Certificates are ok.
Internet - full access.
Rke2, onprem.
Age - 2 years. Initial as far as i remember - 2.7.1 > 2.7.7 > updated to 2.8.0 with kuber successfull.
Now updated to rancher 2.9.3 v1.27.16+rke2r2 conditionally successful. (this rodeo lasted 2 days. facepalm. also not without adventures.)
2.10.2 doesn’t work either, I don’t remember the error, I haven’t bothered to figure it out yet. Now we will talk about 2.9.3.
One day I wanted to find myself an adventure in one place with an attempt to update the version of kubernetis from v1.27.16+rke2r2 to v1.28.15+rke2r1 for example, and what do you think that everything worked out in one go?
NOPE!!!
It’s just stuck on one action - [INFO] [planner] rkecluster fleet-default/clustename: configuring bootstrap node(s) custom-a2e9e76ac87f: waiting for kubelet to update.
a2e9e76ac87f - first node - master in my case.
restart agent not helping.
restart server not helping.
reboot not helping.
deleting some pods with help of crictl out of not knowing what else to delete (kube-controller-manager- cloud-controller-manager-) - not helping, even more this action is a little bit fatal.
in - /var/lib/rancher/rke2/agent/containerd/containerd.log - i dont see any critical, looks loke he working, downloading something, doing something and then just hangs.

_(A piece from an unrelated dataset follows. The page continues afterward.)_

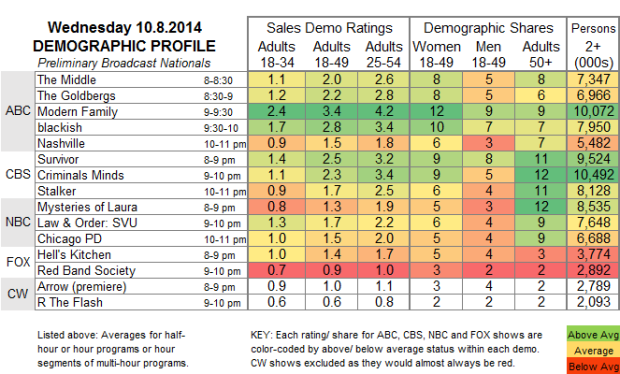 Demo Profile 2014 WED Oct 8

in - /var/lib/rancher/rke2/agent/logs/kubelet.log - i dont see any critical, looks loke he working, downloading something, doing something and then just hangs.
in - /var/log/syslog - i dont see any critical, looks loke he working, downloading something, doing something and then just hangs.
in - /docker console logs - i dont see any critical, looks loke he working, downloading something, doing something and then just hangs on - waiting for kubelet to update.
Although it is possible that the error appears in the log as warning or info. but the logs are not small, I have no idea what to look for there. The footcloth there is unrealistically huge.
It’s like some job is stuck.
Maybe someone has already gone through this, not necessarily with the specified versions, I tried it on different versions, the same thing.
Maybe someone can tell me & not only me what can be done or deleted or restarted or edited?